National Standards Need Greater School Uniformity
To the Editor:
In response to Rudy Crew, Paul Vallas, and Michael Casserly on their call for national standards ("The Case for National Standards in American Education," Commentary, March 7, 2007):
It is more than a little ironic that Paul Vallas, one of the people primarily responsible for the great differences in performance among schools, is advocating national standards. It was Mr. Vallas who, as the head of the Chicago public schools for six years, greatly expanded the concept of specialty schools (such as magnet schools and gifted centers) with highly selective—to the point of being exclusionary—enrollment policies that left inner-city and neighborhood schools nearly devoid of any students with above-average test scores. Mr. Vallas then, incredibly, proceeded to punish the nonspecialty schools by holding them to the same performance standards as all other schools in the district (specialty schools included).
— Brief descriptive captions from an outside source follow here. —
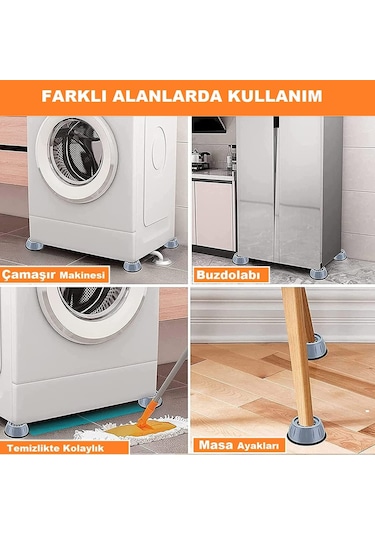 Beyaz Eşya Çamaşır Makinesi Titreşim Önleyici Vantuzlu Ayak - 533280047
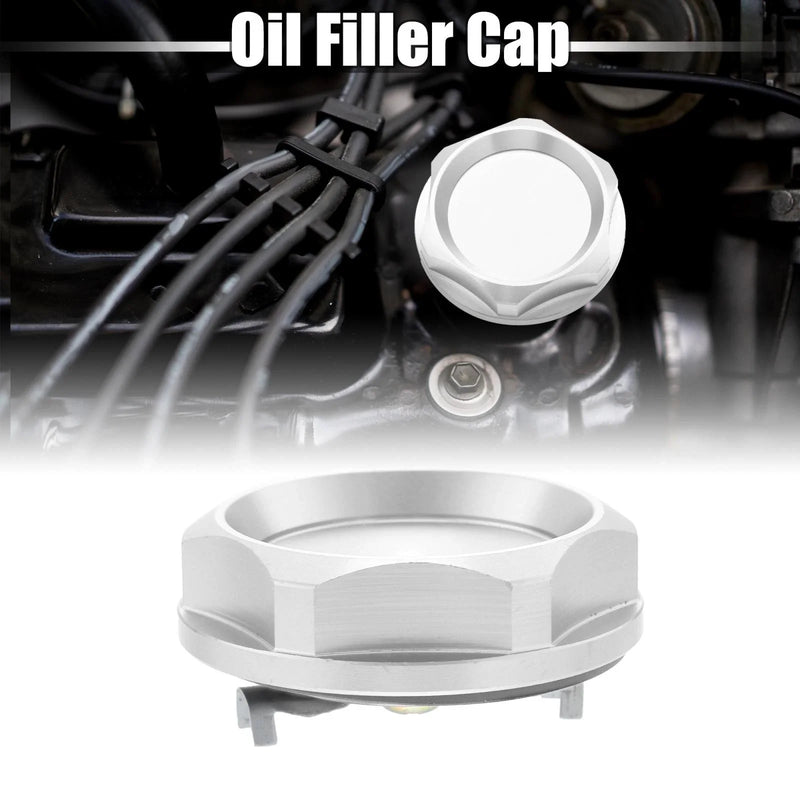 Mitsubishi Silver Tone Aluminum Alloy Gas Engine Oil Filler Cap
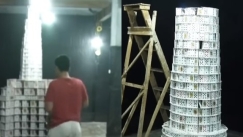 Κατάφερε να χτίσει το μεγαλύτερο «γλυπτο» από χαρτιά: Χρησιμοποίησε 143.000 κάρτες (vid)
To add injury to insult, he fired dozens of principals and hundreds of teachers from the comparatively poor-performing inner-city schools for low test scores.
The No Child Left Behind Act has already found major differences among districts in terms of their special education students, non-native English-speakers, and percentages of students living in poverty. As a result, some differences in performance goals were grudgingly allowed. What would Mr. Vallas and his co-authors do about this?
If national standards are to be instituted at all, it is imperative that it be done on a level playing field—an impossibility today, because specialty schools have expanded far more rapidly nationally than neighborhood schools. In addition, the punitive nature of the federal law, so embraced by Mr. Vallas in both Chicago and Philadelphia, must be completely eliminated.